Participatory Design Of Evaluation

Credits: Youth Impact

Participatory design is a popular model of impact evaluation design. It does not guarantee as much reliability and precision as experimental or quasi-experimental designs, but it brings broader range of perspectives. In participatory evaluation you refer to the perceptions of the participants of the evaluated project and, on the basis of the data obtained from them, you evaluate the impact of the project.

Thus, the method of collecting data (methodology) is of great importance, because in this model it is particularly easy to distort the results by adjusting the respondents to what they think the researcher might want to hear, especially if the data collector was someone from the project staff (this the last one should rather not happen).

One of the techniques included in this type of research is called ‘Reflexive counterfactuals’. It’s advantage is that it can be used after the end of the project, although it is also very exposed to the previously described risks, the so-called influence of the researcher.
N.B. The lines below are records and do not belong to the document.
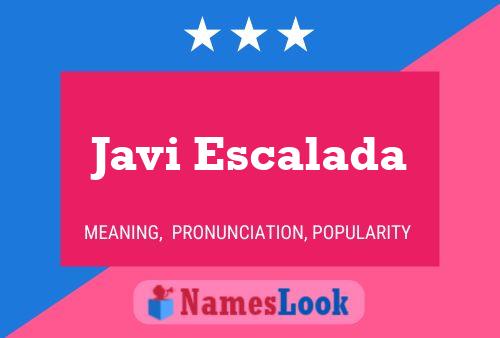 Javi Escalada Name Poster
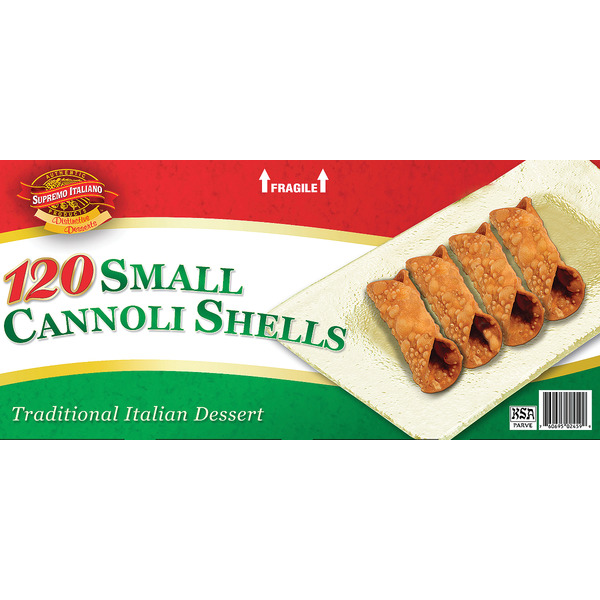 Supremo Italiano - Small Cannoli Shells - 120 Ct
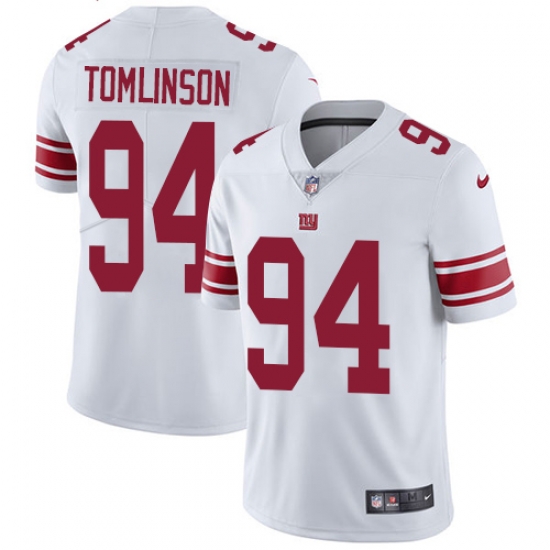 Nike Giants #94 Dalvin Tomlinson White Mens Stitched NFL Vapor Untouchable Limited Jersey Nike Giants #94 Dalvin Tomlinson White Mens Stitched NFL Vapor Untouchable Limited Jersey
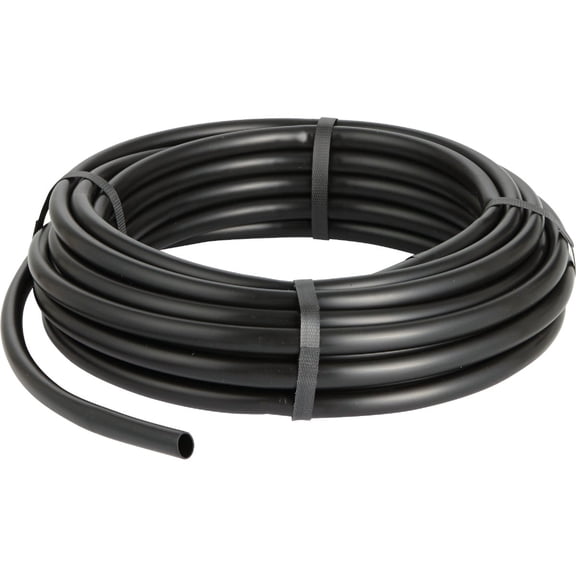 Raindrip 052005P 1/2-Inch by 50-Feet Black Poly Drip Watering Hose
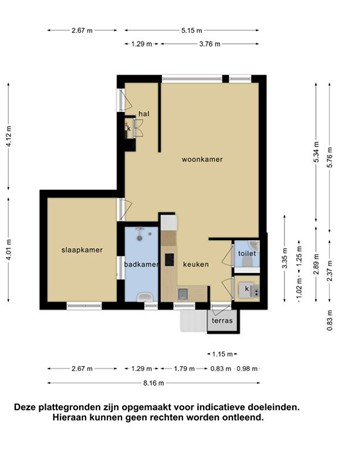 Floorplan - J. Boezerstraat 48, 2552 DJ Den Haag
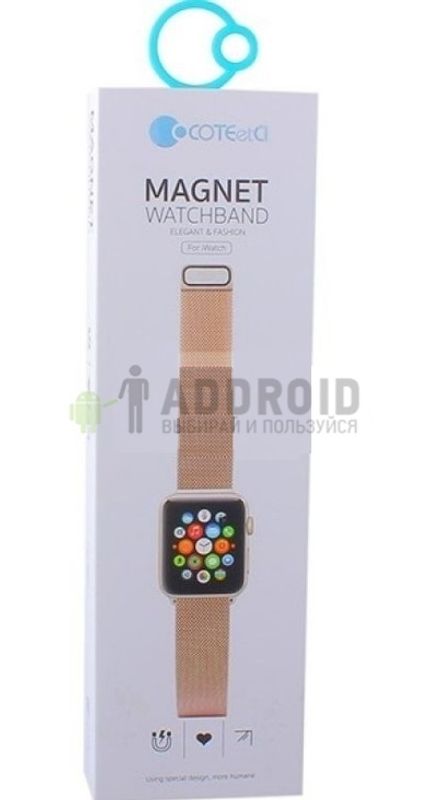 W6  Watch MAGNET Band 38MM/40MM (WH5202-GC) (черный) osoto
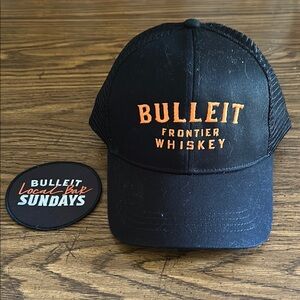 Bulleit frontier whiskey hat and coaster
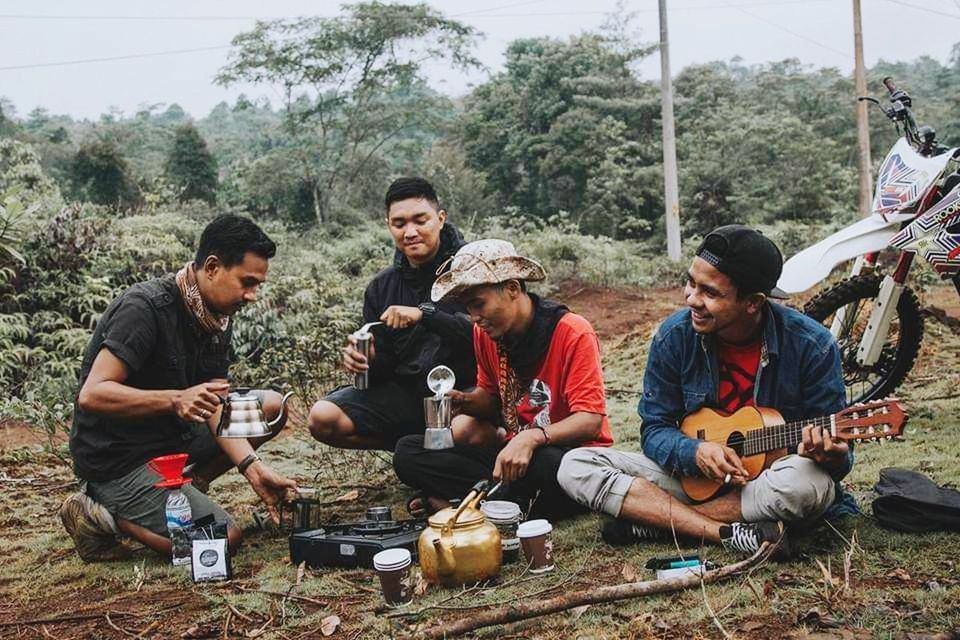 group of people, men, adult, friendship, young adult, guitar, nature, food and drink, sitting, leisure activity, full length, togetherness, tree, plant, casual clothing, day, musical instrument, food, music, lifestyles, string instrument, camping, relaxation, happiness, drink, arts culture and entertainment, sky, outdoors, beer, smiling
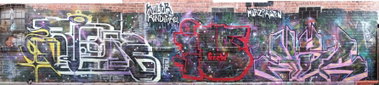 Graffiti Wall in Nordhausen - Photo by HarzPiraten - Rois, Heis, Iocrew (2012)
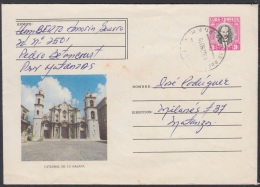 1979-EP-65 CUBA 1979. Ed.184b. POSTAL STATIONERY. ENTERO POSTAL. J. MARTI. CASA CATEDRAL DE LA HABANA. MATANZAS. USED. - Covers & Documents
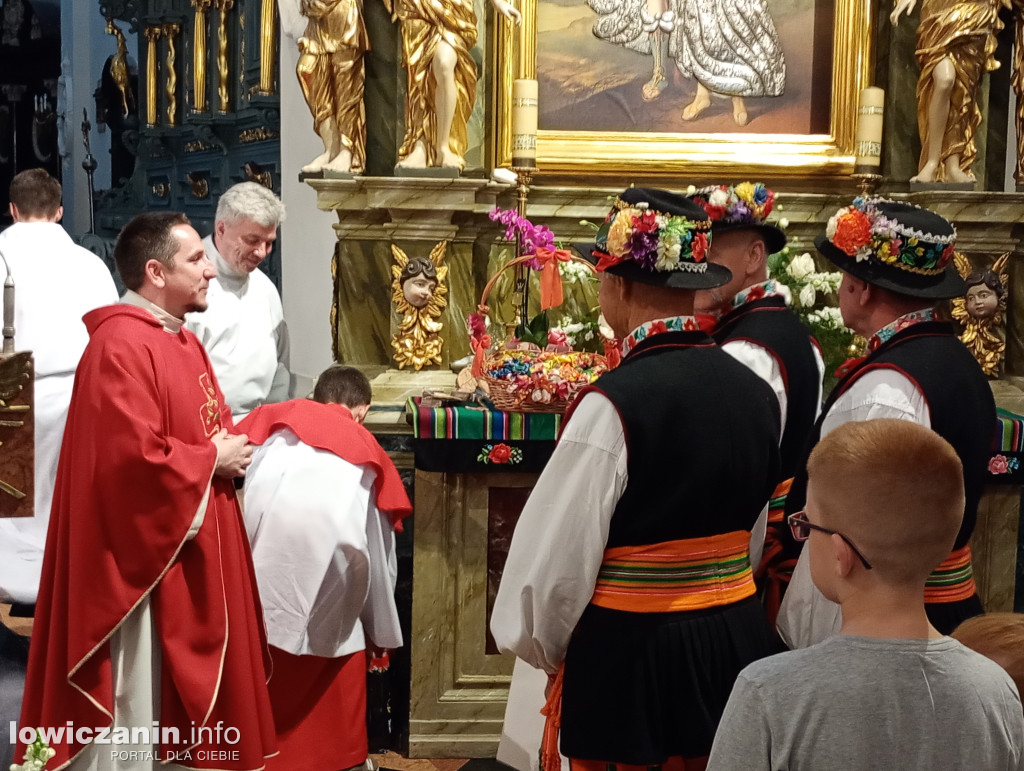 Pożegnanie ks. Pawła w katedrze łowickiej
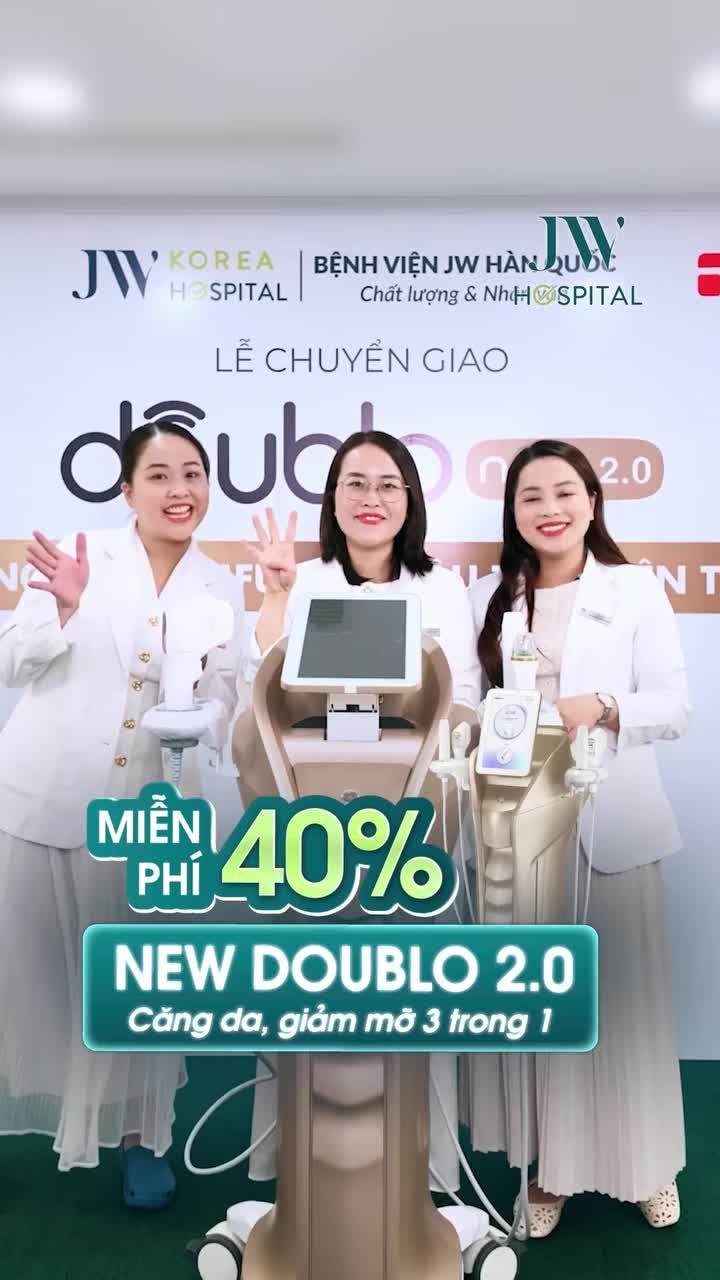 CĂNG DA, NÂNG CƠ, GIẢM M.Ỡ KHÔNG PHẪU THUẬT VỚI NEW DOUBLO 2.0 GIÚP U40–U60 TRẺ LẠI 10 TUỔI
As part of ‘reflexive counterfactuals’, the beneficiaries are asked to compare their situation before and after the end of participation in the project, to indicate what has changed for the benefit and what is worse. Then, they are asked to indicate the reasons for particular changes for the worse and for the better (including, of course, they can indicate participation in the project and even individual project activities). Within this technique, it is possible to use both qualitative and quantitative methods (questionnaires in which it is possible, for example, to determine the order of influencing factors).

Another relatively new technique for participatory impact analysis is MSC (Most Significant Changes). It is based on the generation and in-depth analysis of the most significant history of changes that were noticed in the life of project beneficiaries by various project stakeholders (including the beneficiaries themselves). The properties of this research technique allow it to be used after the end of the project.